University of Pennsylvania
October 30, 2025
•[ data breach, ransomware, donor records ]
In October 2025, the University of Pennsylvania was the victim of a data breach followed by a ransom demand, largely affecting its donor database. After the incident, the attackers sent inflammatory emails to some victims. The data was later published online in February 2026 and included 624k unique email addresses alongside names and physical addresses. For some donor records, additional personal information was exposed, including gender and date of birth. A small subset of records also contained religion, spouse name, estimated income and donation history.
National Credit Information Center (CIC), State Bank of Vietnam
September 10, 2025
•[ hack, leak, financial ]
VNCERT confirmed signs of intrusion targeting personal-data theft at CIC; ShinyHunters/Scattered Spider claimed ~160M records, allegedly exploiting end-of-life software; data offered for sale with samples posted.
Wynn Resorts
September 1, 2025
•[ data leak, employee personnel records, Social Security numbers ]
Attackers associated with the ShinyHunters cybercriminal group gained unauthorized access to Wynn Resorts systems in September 2025. The intrusion exposed approximately 800,000 employee personnel records containing Social Security numbers and other personal identifying information.
Pornhub
August 11, 2025
•[ extortion, phishing, data leak ]
Cybercriminal group ShinyHunters claimed theft of a 94GB dataset containing about 201 million records tied to Pornhub Premium user activity and launched an extortion campaign demanding payment in Bitcoin. Reporting linked the compromise to third-party analytics provider Mixpanel, where access allegedly began on November 8, 2025 after a smishing attack harvested employee login credentials. Samples reviewed by journalists reportedly included email addresses, approximate location (city/country), video titles and URLs, search keywords, and timestamps for watches/downloads. Pornhub stated its internal systems were not directly hacked and that sensitive items such as passwords and credit card details remained secure, while Mixpanel later suggested some access may have involved a legitimate employee account associated with Pornhubs parent company, Aylo.
Canada Goose
August 1, 2025
•[ data leak, third-party breach, customer records ]

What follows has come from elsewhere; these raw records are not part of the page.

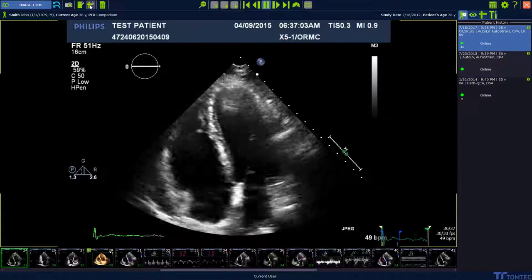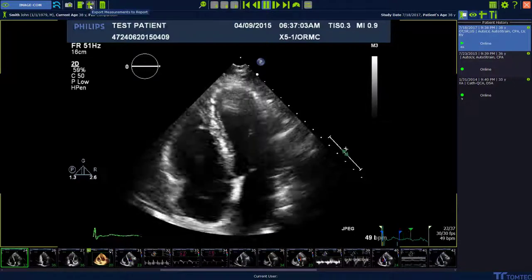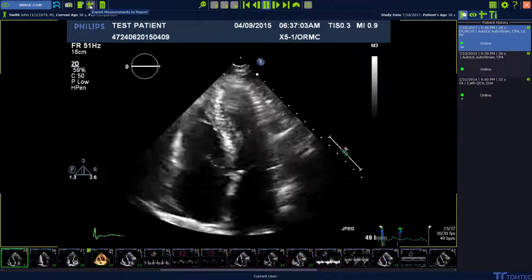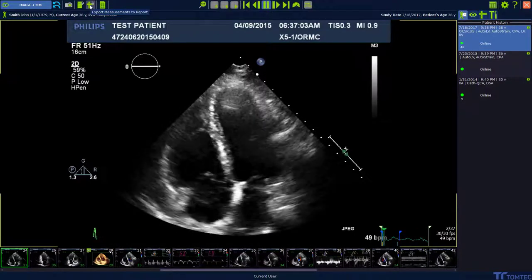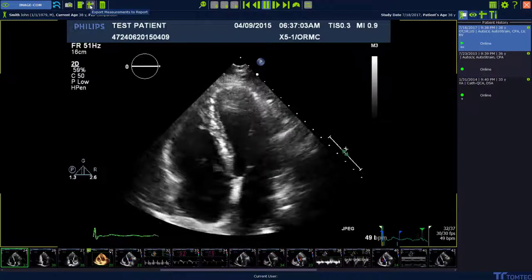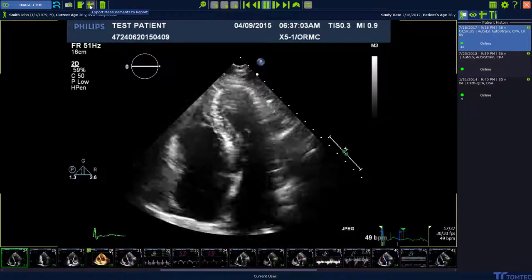Export measurements to connected systems: to export your measurements via structured report to any other connected system, press the export measurement to report button on the top of the toolbar.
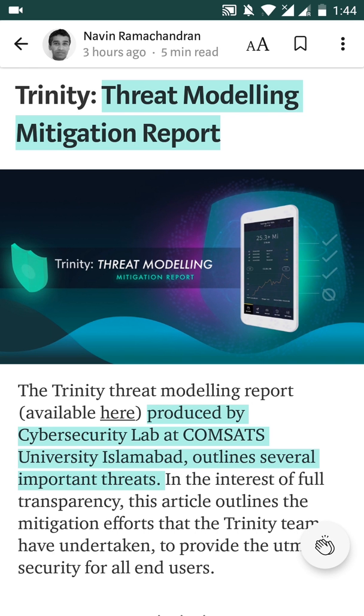The recent blog post from IOTA Foundation describes the report about threat modeling mitigation, which basically means that IOTA is describing all the possible threats that an attacker can use against users.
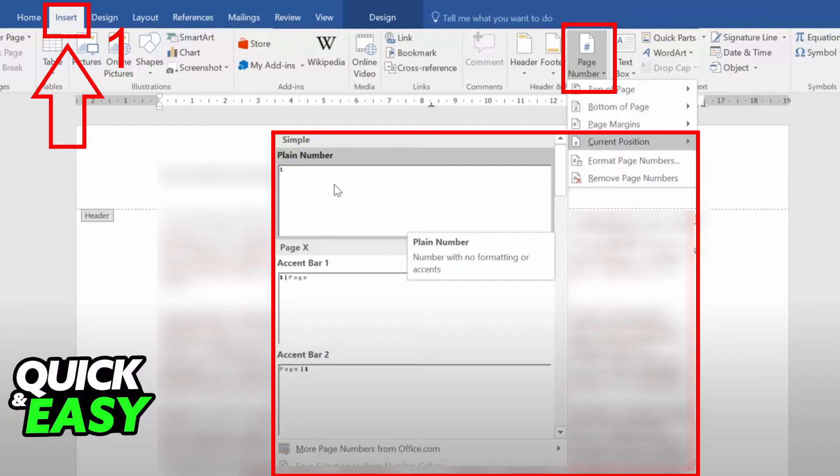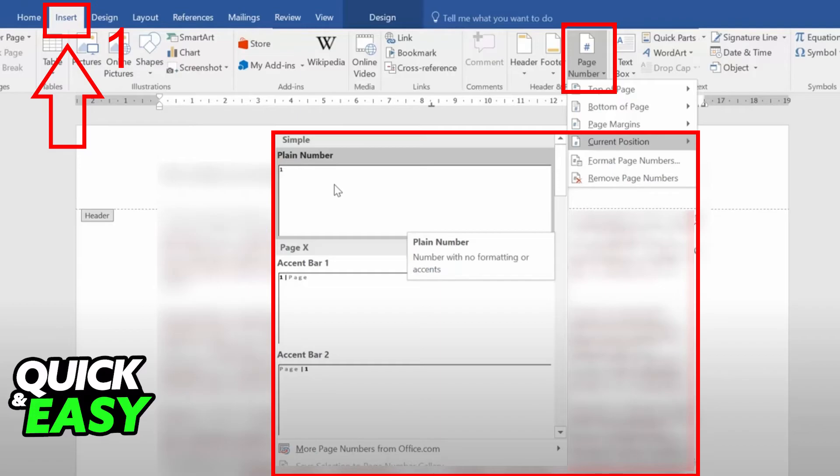You will get a drop-down menu in order to set up how you want your page number to look. Select Current Position if you want it to appear where your cursor is, and select which page number you want to see.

BleepingComputer reported that Canada Goose was investigating after ShinyHunters leaked more than 600,000 customer records. Canada Goose said it had not found evidence its own systems were breached and believed the data related to past customer transactions. ShinyHunters told BleepingComputer the dataset was unrelated to recent SSO attacks and claimed it originated from a third-party payment processor breach and dates back to August 2025. The exposed data was described as including purchase history plus device/browser information and order values; it did not appear to include full payment card numbers.